Therefore, my beloved brothers, be steadfast, immovable, always abounding in the work of the Lord, knowing that in the Lord your labor is not in vain.
For I will not venture to speak of anything except what Christ has accomplished through me to bring the Gentiles to obedience—by word and deed, 19 by the power of signs and wonders, by the power of the Spirit of God—so that from Jerusalem and all the way around to Illyricum I have fulfilled the ministry of the gospel of Christ; 20 and thus I make it my ambition to preach the gospel, not where Christ has already been named, lest I build on someone else’s foundation, 21 but as it is written, “Those who have never been told of him will see, and those who have never heard will understand.” 22 This is the reason why I have so often been hindered from coming to you. 23 But now, since I no longer have any room for work in these regions, and since I have longed for many years to come to you, 24 I hope to see you in passing as I go to Spain, and to be helped on my journey there by you, once I have enjoyed your company for a while.

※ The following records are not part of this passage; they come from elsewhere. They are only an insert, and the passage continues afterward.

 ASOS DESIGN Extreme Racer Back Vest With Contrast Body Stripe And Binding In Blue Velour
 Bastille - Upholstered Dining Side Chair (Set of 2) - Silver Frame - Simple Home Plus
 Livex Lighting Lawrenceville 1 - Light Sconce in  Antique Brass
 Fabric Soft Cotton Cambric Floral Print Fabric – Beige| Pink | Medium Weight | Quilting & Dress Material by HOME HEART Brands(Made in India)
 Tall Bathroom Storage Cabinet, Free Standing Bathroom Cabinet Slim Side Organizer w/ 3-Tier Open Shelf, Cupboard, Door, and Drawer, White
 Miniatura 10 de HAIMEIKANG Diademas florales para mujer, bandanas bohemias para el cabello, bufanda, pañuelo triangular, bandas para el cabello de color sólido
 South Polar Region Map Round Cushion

There are three things in this text that I think we should focus on. All of them have direct implications for your life (even if you are not now aware of that), and all of them relate directly to God and his purposes in the twenty-first century. I see, first, a holy ambition. Second, an immeasurable need. Third, a global strategy. So let’s take those one at a time see how they relate to each other and to us and our world today.
1. A Holy Ambition
Verse 20: “And thus I make it my ambition to preach the gospel, not where Christ has already been named, lest I build on someone else’s foundation.”
Paul was controlled by a holy ambition. I say he was controlled because he says in verse 22, “This is the reason why I have so often been hindered from coming to you.” And he says at the end of verse 23, “I have longed for many years to come to you.” When you long to do something for years and years, but you don’t do it, something is controlling you. And what was controlling Paul and keeping him from going to Rome is that he was not finished with his ambition in the regions from Jerusalem to Illyricum. But finally, he says in verse 23, “I no longer have any room for work in these regions.” And then in verse 24: “I hope to see you in passing as I go to Spain.”
In other words, he was controlled by an ambition to preach the gospel to those who had not heard the name of Jesus from Jerusalem to Illyricum (Albania today), and he would not turn from this ambition until it was fulfilled. But now the work is done in those regions, and his ambition is taking him to Spain. That frees him finally to do what he has wanted to do for years, namely, visit the church in Rome and enjoy their company for a little while.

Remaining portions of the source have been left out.